When I hear the term “Infrastructure as Code” I am reminded of the times where most people talk about representing computer infrastructure in YAML or JSON data. While that is one piece of the whole story, software is capable of much more in today’s world of web applications. This is where the topic of data maintainance in infra as code gets super interesting, and where we notice that automating networks/infrastructure is not only about the technology, but also hugely about the data it uses to automate.

Source of Truth

A source of truth (SoT) by virtue of its name represents a place from which the “truth” for something can be sourced! Beyond these 3 words, an SoT in a network is where one can

to name a few uses of an SoT.

To keep this simple, I will be referencing SoTs as web applications that work with some sort of a database to store information- although in the past or even now, there may be a lot of information that is stored in Excel sheets or even Notepad files.

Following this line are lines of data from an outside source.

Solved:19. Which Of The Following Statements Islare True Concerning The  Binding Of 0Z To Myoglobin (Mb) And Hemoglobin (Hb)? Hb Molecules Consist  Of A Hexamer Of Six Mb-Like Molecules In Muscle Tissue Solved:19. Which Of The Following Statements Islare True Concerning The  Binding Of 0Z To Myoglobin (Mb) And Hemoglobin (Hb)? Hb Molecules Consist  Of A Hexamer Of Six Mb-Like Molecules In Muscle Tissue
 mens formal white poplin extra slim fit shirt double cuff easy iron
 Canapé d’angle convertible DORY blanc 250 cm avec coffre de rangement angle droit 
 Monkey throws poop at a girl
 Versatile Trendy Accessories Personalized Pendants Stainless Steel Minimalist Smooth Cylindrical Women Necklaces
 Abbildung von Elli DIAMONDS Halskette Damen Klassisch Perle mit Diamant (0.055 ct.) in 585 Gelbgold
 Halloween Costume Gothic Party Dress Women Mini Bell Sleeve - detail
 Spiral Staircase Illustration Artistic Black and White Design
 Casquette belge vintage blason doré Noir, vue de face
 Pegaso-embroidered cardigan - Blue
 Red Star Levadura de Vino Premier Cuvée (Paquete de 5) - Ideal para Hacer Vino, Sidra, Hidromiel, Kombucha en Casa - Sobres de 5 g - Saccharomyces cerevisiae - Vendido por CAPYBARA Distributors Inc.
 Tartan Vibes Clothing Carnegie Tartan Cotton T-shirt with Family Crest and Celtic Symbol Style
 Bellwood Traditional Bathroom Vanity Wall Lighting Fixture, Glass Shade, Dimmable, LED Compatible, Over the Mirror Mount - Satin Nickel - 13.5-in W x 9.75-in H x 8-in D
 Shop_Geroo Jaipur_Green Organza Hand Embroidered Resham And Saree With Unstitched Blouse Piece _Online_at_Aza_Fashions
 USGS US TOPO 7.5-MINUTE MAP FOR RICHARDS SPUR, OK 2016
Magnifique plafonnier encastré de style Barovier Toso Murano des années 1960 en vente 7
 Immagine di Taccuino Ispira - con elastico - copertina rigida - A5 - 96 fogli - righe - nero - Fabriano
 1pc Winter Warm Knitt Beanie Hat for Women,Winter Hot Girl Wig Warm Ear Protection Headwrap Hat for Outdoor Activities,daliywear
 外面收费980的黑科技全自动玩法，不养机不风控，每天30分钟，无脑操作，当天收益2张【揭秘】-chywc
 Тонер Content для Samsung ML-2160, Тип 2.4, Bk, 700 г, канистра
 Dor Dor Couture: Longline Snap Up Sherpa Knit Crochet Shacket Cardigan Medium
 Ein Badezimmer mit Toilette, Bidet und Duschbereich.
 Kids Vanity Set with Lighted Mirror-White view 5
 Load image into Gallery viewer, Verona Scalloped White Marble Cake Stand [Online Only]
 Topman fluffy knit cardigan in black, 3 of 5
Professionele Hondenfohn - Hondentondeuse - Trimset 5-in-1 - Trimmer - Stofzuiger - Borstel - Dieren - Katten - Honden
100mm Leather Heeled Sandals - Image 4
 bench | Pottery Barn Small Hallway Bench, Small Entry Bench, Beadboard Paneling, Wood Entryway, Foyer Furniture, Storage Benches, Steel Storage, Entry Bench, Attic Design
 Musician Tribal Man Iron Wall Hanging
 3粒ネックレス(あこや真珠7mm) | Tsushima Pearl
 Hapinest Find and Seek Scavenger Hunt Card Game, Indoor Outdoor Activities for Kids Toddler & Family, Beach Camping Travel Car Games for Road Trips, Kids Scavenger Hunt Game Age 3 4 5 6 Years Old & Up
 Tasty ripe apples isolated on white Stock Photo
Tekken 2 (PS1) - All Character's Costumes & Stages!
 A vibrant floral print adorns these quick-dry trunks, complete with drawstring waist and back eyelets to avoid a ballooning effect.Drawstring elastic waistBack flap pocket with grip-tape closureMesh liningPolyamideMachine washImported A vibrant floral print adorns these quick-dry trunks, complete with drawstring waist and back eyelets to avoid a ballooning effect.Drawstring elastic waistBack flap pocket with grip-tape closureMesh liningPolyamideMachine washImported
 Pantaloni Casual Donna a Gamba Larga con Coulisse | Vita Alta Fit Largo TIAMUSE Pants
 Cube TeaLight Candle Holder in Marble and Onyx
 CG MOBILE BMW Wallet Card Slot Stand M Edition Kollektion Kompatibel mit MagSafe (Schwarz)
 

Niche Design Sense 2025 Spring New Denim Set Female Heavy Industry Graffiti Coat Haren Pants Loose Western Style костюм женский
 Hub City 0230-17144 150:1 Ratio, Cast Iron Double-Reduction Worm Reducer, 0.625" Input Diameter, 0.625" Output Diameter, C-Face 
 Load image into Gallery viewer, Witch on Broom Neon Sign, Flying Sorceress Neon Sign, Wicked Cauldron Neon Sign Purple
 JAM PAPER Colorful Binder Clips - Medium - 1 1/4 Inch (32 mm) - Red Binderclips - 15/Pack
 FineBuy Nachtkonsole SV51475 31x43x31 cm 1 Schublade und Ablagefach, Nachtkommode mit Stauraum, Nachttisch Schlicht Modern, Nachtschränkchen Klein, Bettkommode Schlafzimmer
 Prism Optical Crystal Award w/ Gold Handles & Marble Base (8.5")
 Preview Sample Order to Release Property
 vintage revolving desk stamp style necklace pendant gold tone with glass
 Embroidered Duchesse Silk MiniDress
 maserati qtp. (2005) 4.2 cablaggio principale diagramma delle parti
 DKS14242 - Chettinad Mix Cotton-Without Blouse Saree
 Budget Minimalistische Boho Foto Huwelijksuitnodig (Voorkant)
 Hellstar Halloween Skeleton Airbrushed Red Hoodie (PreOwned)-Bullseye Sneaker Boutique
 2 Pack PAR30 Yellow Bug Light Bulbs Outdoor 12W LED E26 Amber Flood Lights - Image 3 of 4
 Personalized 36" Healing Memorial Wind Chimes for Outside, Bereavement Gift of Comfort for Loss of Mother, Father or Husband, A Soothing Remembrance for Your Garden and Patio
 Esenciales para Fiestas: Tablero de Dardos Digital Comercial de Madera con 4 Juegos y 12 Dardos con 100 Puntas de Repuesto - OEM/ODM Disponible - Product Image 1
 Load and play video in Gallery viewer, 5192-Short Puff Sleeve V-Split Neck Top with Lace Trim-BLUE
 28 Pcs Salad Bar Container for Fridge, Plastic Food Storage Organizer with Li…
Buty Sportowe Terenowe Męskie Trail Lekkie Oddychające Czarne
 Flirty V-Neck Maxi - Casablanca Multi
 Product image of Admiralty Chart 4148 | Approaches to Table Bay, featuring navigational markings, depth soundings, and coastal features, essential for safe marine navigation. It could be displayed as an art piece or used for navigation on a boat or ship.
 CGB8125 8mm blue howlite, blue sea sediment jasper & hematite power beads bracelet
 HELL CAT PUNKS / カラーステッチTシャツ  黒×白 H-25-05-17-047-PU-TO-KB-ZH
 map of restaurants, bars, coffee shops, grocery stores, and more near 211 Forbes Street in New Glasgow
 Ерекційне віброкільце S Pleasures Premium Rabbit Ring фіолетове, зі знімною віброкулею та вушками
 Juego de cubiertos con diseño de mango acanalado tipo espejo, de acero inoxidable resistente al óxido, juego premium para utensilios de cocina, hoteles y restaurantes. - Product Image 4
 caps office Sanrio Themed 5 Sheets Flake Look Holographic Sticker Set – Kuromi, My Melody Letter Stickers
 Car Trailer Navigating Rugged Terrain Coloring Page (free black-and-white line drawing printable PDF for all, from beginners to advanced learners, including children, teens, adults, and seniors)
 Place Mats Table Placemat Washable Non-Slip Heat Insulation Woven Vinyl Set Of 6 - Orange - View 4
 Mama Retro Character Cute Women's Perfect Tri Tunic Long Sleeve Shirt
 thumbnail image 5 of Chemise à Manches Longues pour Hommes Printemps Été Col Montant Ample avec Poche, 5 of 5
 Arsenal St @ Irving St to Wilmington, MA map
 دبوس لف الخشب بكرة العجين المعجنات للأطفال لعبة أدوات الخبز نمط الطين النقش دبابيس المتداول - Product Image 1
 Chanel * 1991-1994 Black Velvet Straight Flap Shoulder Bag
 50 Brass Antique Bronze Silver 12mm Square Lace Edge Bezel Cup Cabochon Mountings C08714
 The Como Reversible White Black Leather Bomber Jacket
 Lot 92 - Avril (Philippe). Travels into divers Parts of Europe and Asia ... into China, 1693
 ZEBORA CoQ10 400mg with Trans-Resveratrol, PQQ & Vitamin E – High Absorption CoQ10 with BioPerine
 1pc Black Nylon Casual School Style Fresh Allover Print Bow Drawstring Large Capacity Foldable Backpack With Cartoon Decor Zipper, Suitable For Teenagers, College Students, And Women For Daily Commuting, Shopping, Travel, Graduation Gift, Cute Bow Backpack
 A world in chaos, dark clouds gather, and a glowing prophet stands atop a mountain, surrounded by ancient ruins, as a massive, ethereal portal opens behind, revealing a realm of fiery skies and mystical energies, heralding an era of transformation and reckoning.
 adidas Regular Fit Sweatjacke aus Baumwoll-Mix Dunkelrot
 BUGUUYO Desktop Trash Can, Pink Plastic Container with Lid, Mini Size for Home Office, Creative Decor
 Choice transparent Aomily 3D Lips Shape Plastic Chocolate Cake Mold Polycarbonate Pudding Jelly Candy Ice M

In an SoT, engineers can maintain data about the network, and keep it updated with the latest changes made in the network. Ideally, in an automation only world, engineers would make changes to the SoT and kick off an automated process that they have helped develop to make the changes in the network for them. In the former case, the SoT is stored with data that production the network already contains- whereas in the latter, the data in the SoT is used as the “intended network state” based upon which the network is refactored. The latter is what network automation must strive to become, as it does not involve running after data that is already being used in production systems- one can always merely revert the changes in the SoT and deploy the intended state as it was in case of incidents due to bad configs!

Metadata in the SoT

While keeping data about real infrastructure in the network is fairly straightforward- certain standards surrounding the data about the infrastructure must be maintained by the engineers making real changes in the network and the SoT during change windows, AND the code that powers the automation systems. Automation cannot be effective unless it knows what it can expect from the SoT. Based on prior experience, let me try to paint a picture.

Images below are from Network to Code’s Demo Nautobot instance

Nautobot is one such SoT application, and say there are some devices in Nautobot

Devices in Nautobot

If you notice, these devices have a Role assigned to them such as edge, leaf, etc. This is a good example of metadata for a device, as it does not represent physical objects, but rather the function of the device in the network.

For leaf devices in the network, there is a specific role

Leaf device role

Based on this data, say there is an Ansible project that uses this Nautobot instance as an inventory. So there may be some Ansible inventory groups created to represent multiple hosts playbooks can run against- for example, let’s say there is an Ansible group named device_role__leaf to represent all devices that have a device role of leaf.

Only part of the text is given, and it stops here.